▶ AIM OF THE TASK
For this exercise, write out only the lines of the entries below from the one with "JAKO Leisure Hooded" up to and including the one with "Penny centesimo testa", exactly as they are. Pictures stay out.

▶ DATASET RECORDS

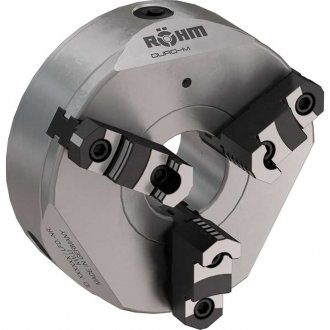 Placa para torno 3 castanhas, 125 mm, DIN 6350, Duro-M, 185311, ROHM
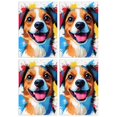 thumbnail image 1 of 4 Pcs Funny Kitchen Towels,Cute Watercolor Dog Pattern Microfiber Dish Towels,Kitchen Tea Towels,Kitchen Towel Set (18" X 26"), 1 of 3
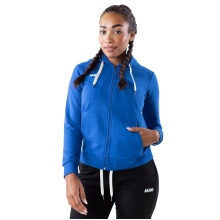 JAKO Leisure Hooded Jacket Base (70% Cotton) Royal Blue Women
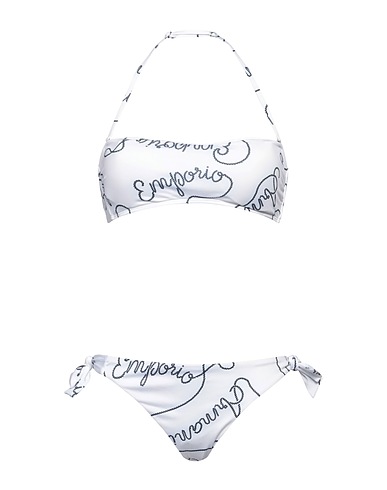 EMPORIO ARMANI Bikini SWIMWEAR White 91% Polyester, 9% Elastane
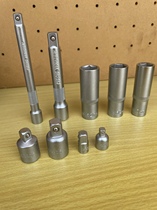 Import chrome vanadium steel sleeve adapter 1 2 to 3 8 to 1 4 square adjustable joints 12 5mm go 10 to 6 3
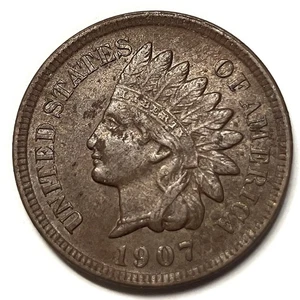 Penny centesimo testa di indiano 1907. Bella moneta! - Foto 1 di 2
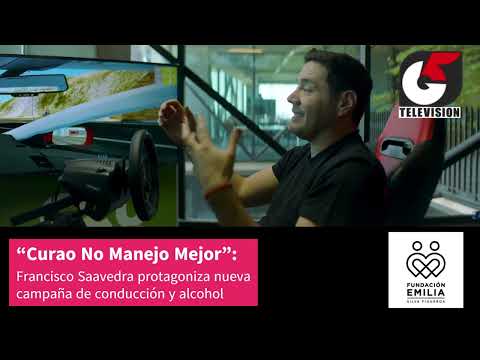 “Curao No Manejo Mejor”: Francisco Saavedra protagoniza nueva campaña de conducción y alcohol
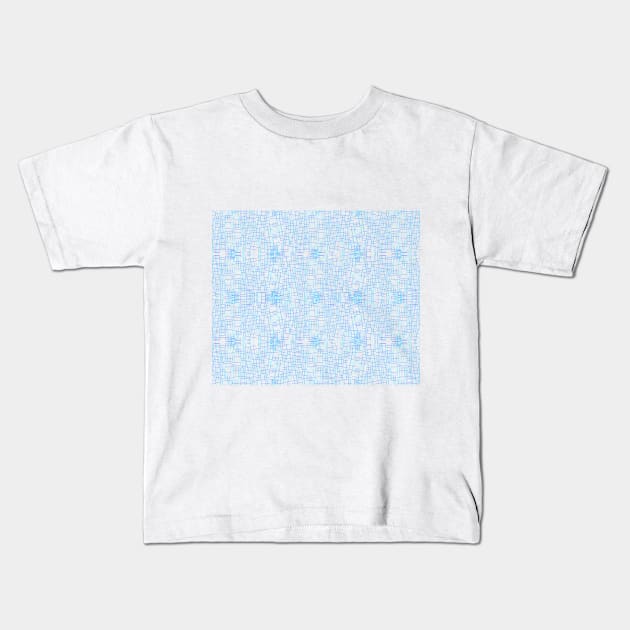 Blue Lines Kids T-Shirt by stefy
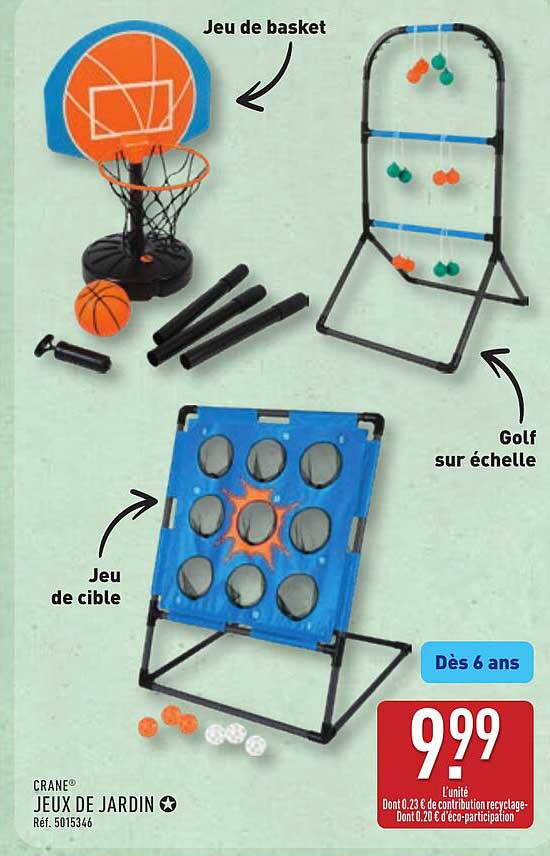 CRANE JEUX DE JARDIN
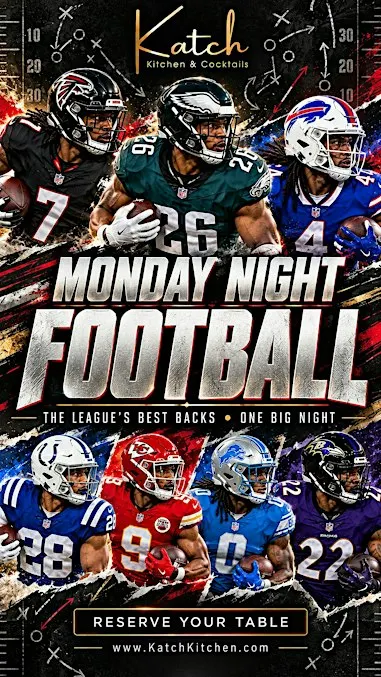 Monday Night Football Watch Party at Katch Kitchen & Cocktails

▶ RESULT OF THIS TASK
 JAKO Leisure Hooded Jacket Base (70% Cotton) Royal Blue Women
 EMPORIO ARMANI Bikini SWIMWEAR White 91% Polyester, 9% Elastane
 Import chrome vanadium steel sleeve adapter 1 2 to 3 8 to 1 4 square adjustable joints 12 5mm go 10 to 6 3
 Penny centesimo testa di indiano 1907. Bella moneta! - Foto 1 di 2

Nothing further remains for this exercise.